### SUPPLIED MATERIAL
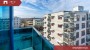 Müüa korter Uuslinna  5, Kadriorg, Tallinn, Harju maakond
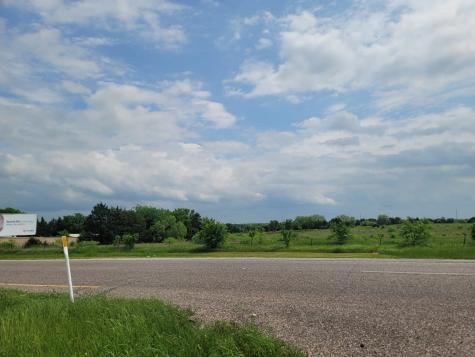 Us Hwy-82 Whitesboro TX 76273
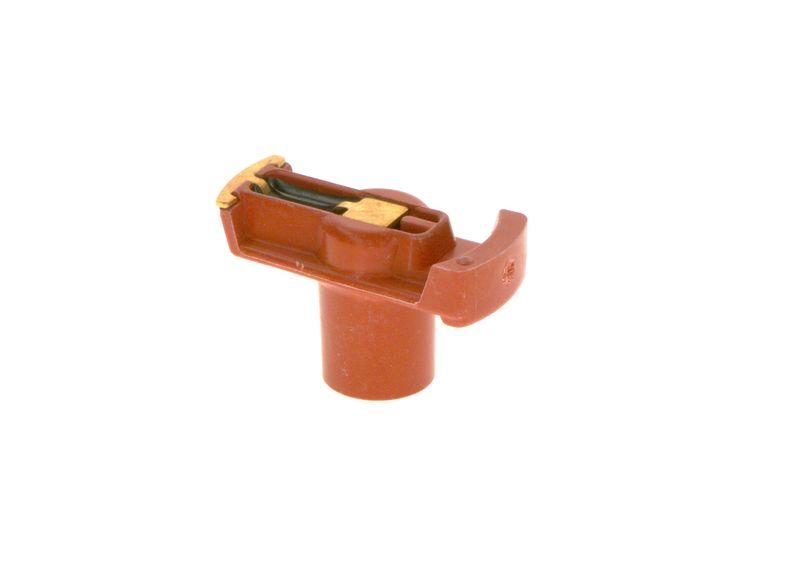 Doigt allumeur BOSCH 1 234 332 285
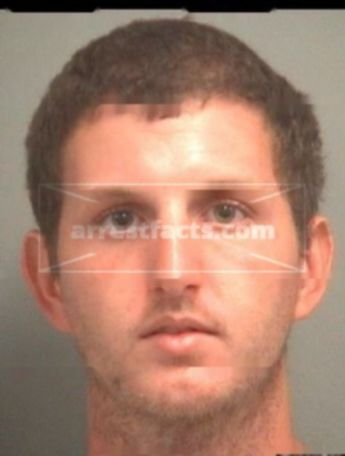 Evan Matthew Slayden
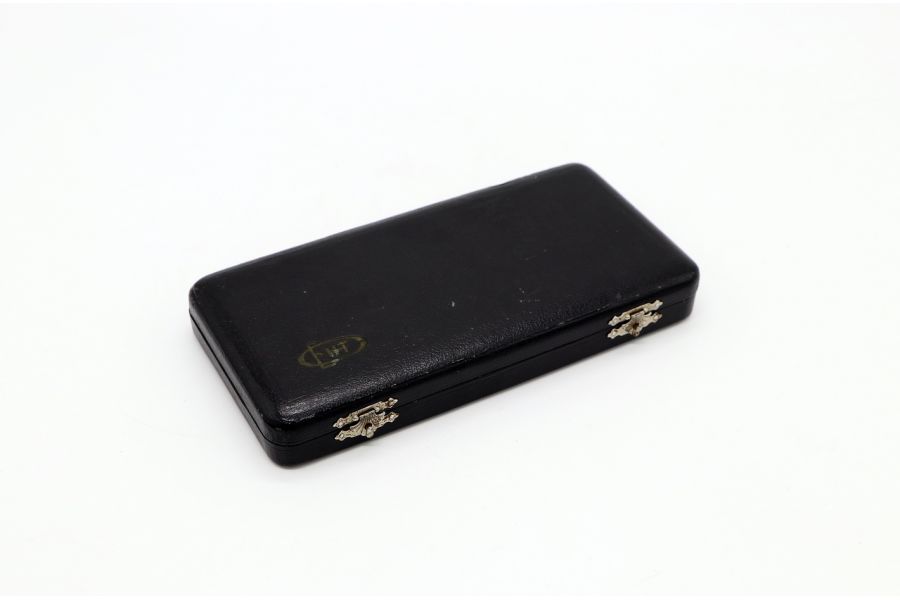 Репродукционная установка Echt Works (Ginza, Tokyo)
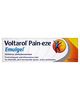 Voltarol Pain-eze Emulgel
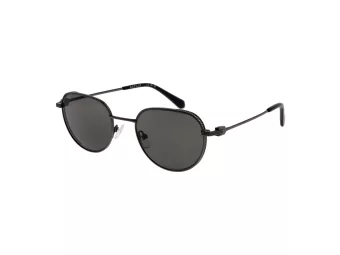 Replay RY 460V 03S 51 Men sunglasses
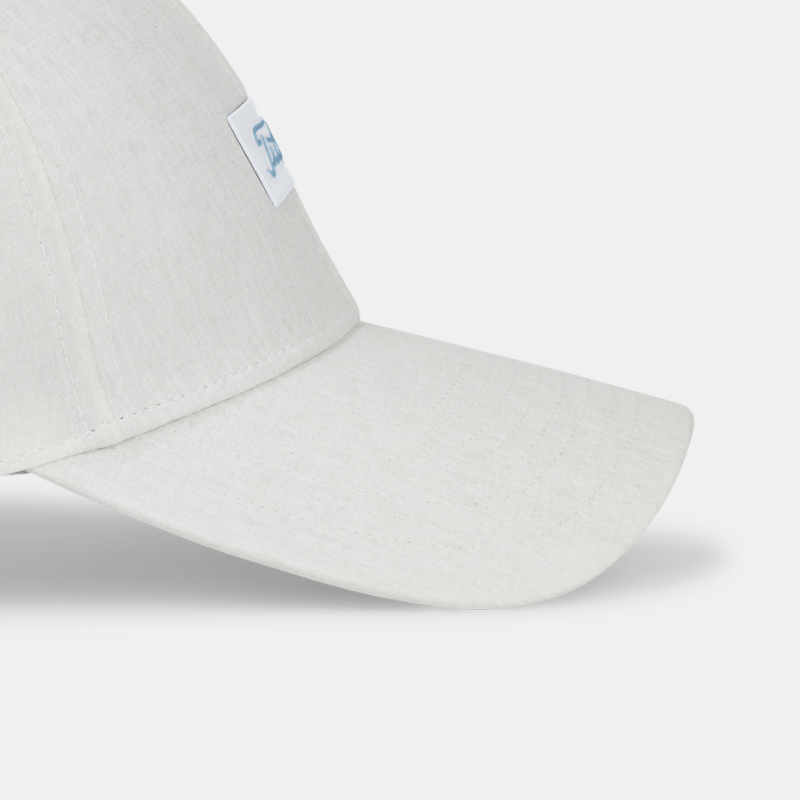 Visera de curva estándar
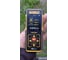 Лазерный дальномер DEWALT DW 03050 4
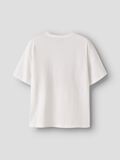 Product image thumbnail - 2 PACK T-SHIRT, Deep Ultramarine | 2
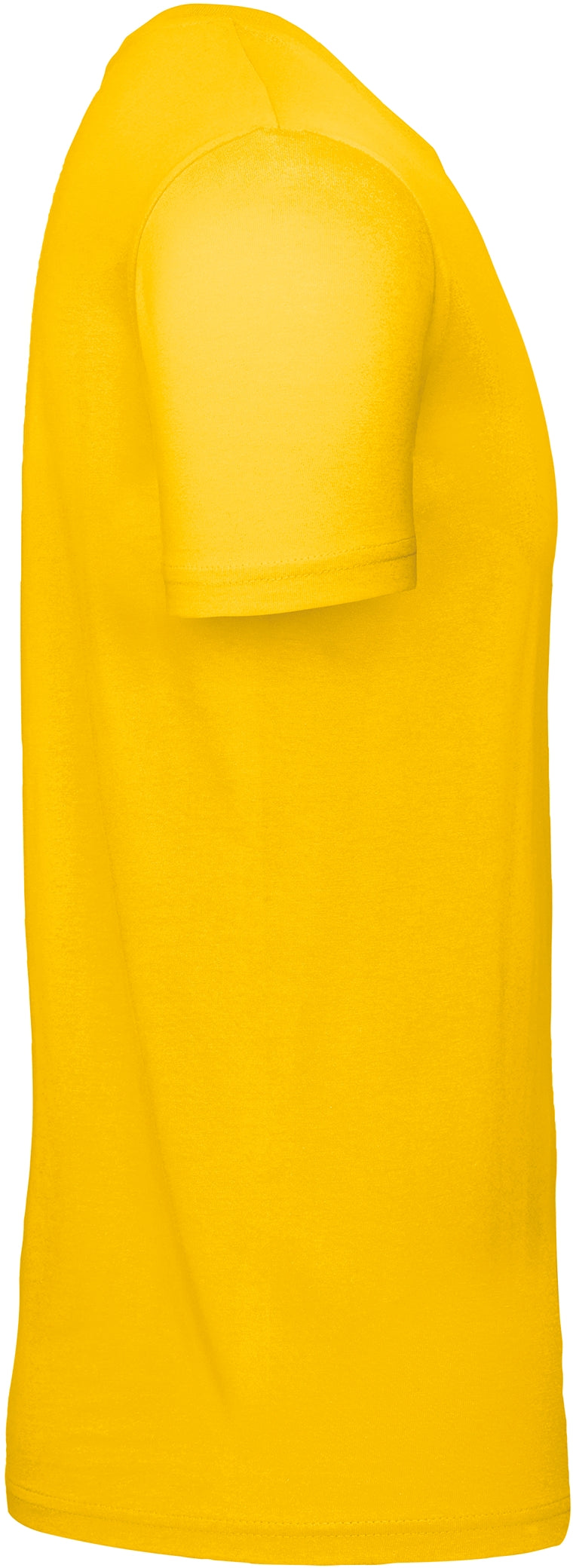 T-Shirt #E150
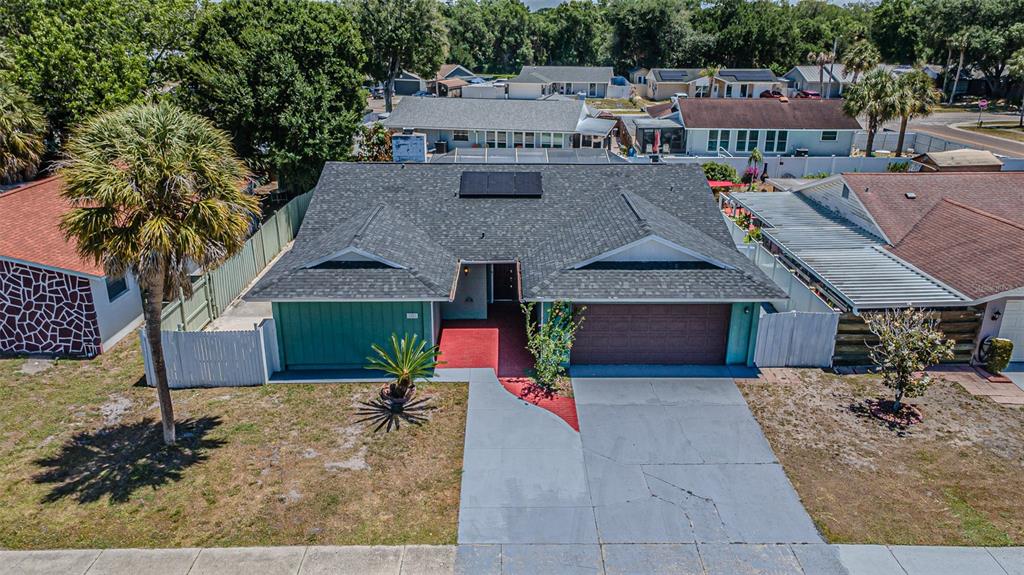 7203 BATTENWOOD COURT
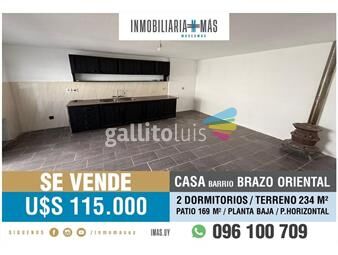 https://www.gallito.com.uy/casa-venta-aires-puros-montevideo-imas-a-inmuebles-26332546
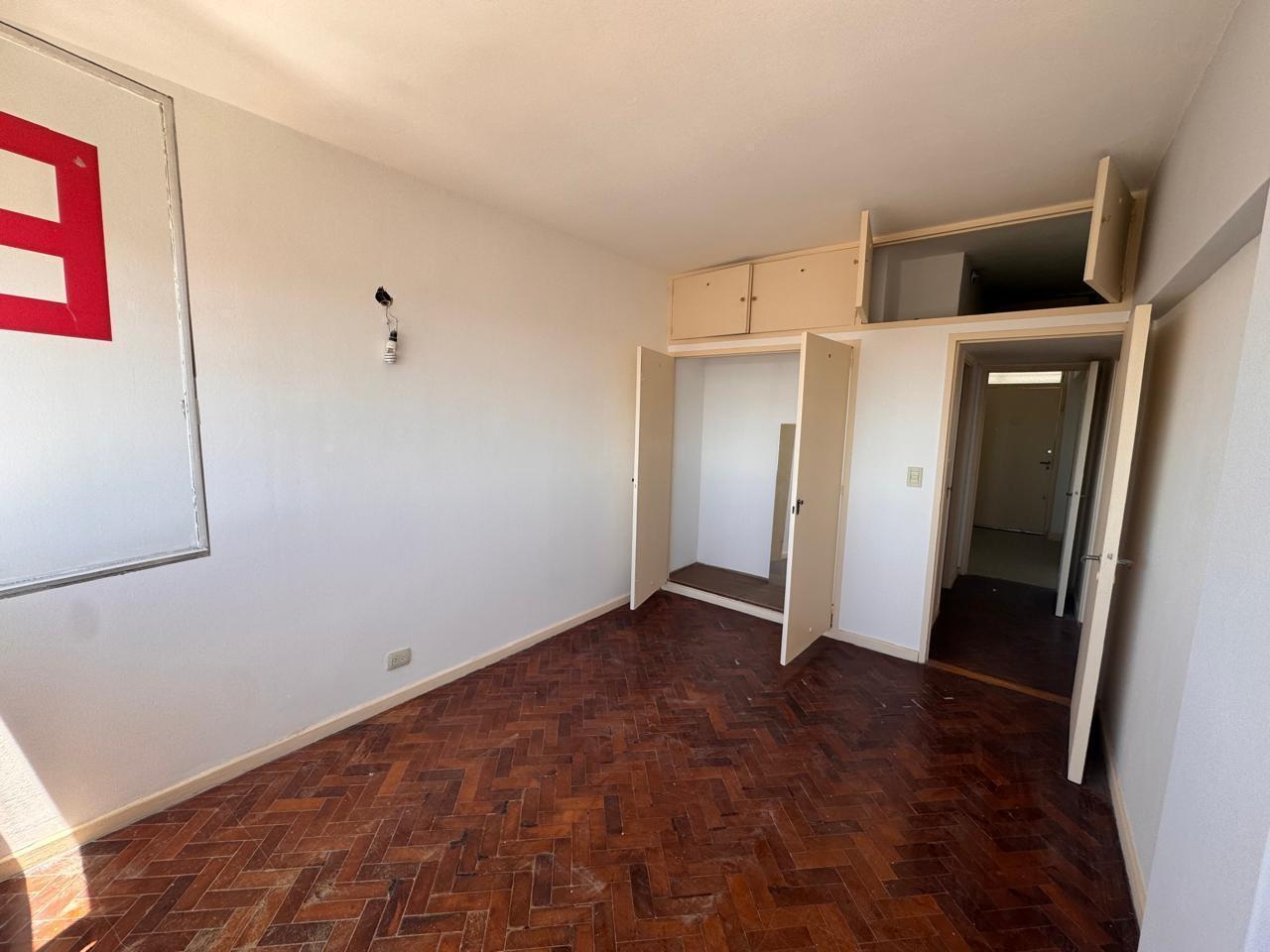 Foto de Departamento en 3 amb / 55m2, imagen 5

### EXERCISE BRIEF
When you reach the line containing "T-Shirt #E150" in the records above, write out that line and every line after it through the end, exactly, but omit the pictures.

### REPLY TO THE EXERCISE
 T-Shirt #E150
 7203 BATTENWOOD COURT
 https://www.gallito.com.uy/casa-venta-aires-puros-montevideo-imas-a-inmuebles-26332546
 Foto de Departamento en 3 amb / 55m2, imagen 5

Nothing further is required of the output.